[Opening Data to process section]
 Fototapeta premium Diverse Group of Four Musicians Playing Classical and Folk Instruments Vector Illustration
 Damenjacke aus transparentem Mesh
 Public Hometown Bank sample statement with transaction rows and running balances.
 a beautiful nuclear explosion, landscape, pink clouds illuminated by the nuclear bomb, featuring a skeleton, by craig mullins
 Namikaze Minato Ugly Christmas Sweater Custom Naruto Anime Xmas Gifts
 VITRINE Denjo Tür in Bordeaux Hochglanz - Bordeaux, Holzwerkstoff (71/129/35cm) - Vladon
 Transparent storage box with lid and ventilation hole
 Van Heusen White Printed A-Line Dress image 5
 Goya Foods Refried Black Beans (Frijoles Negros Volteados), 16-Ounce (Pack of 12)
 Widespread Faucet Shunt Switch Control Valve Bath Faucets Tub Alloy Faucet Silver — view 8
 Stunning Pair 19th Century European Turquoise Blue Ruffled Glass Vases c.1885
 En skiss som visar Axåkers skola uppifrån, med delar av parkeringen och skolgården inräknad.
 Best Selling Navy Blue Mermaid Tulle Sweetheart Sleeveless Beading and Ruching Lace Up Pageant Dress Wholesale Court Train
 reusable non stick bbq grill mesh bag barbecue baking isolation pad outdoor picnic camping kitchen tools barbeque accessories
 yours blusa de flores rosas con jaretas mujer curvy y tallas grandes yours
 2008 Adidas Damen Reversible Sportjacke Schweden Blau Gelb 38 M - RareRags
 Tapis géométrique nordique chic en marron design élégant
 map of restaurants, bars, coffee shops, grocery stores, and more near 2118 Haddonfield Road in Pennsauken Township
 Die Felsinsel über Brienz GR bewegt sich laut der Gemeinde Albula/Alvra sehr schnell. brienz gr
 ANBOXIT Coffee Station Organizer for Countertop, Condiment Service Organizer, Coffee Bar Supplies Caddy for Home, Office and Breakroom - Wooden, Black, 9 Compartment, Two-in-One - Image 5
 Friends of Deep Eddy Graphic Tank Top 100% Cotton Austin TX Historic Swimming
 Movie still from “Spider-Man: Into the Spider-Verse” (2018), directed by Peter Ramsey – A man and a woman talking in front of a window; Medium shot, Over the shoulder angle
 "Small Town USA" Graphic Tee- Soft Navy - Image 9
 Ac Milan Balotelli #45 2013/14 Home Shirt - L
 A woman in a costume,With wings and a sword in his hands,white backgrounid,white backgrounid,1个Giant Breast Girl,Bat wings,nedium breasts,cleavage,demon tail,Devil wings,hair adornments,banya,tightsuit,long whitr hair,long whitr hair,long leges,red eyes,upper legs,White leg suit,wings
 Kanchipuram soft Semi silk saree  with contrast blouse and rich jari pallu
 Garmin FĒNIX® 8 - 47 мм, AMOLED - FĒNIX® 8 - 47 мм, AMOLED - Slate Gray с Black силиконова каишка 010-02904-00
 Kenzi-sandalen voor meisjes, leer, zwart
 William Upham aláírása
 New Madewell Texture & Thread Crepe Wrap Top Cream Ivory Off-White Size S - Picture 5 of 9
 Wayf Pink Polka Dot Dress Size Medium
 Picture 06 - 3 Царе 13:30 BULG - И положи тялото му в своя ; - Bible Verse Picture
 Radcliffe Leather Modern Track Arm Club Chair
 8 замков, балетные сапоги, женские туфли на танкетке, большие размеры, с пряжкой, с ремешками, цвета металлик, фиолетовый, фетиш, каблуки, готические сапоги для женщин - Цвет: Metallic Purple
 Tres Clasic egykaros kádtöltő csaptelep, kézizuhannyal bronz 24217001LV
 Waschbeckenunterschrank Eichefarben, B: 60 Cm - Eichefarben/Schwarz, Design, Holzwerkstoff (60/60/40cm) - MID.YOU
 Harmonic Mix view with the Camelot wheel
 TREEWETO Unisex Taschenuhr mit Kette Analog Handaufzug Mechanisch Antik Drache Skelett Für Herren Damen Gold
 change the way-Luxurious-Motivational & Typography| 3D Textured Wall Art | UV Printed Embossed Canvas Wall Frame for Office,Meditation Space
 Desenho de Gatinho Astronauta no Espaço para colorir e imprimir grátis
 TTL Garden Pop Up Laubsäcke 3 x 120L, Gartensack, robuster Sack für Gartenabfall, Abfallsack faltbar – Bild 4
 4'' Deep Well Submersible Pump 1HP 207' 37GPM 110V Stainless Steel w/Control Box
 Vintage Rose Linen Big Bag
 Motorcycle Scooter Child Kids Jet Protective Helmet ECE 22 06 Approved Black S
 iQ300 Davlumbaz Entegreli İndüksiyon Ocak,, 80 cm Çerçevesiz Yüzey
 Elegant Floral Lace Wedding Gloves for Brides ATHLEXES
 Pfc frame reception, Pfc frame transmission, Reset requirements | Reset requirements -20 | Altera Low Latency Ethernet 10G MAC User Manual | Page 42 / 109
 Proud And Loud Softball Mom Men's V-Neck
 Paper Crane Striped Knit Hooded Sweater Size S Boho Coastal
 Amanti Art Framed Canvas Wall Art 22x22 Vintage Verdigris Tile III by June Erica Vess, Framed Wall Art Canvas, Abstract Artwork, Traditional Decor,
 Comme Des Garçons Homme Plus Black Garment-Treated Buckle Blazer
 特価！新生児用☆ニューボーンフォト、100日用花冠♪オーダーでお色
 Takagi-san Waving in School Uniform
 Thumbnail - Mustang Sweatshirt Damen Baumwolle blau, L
[Closing Data to process section]
Goal of the exercise.
Your response should be made up of the lines in the data that contain the word "Sweater".

Answer to the problem.
 Namikaze Minato Ugly Christmas Sweater Custom Naruto Anime Xmas Gifts
 Paper Crane Striped Knit Hooded Sweater Size S Boho Coastal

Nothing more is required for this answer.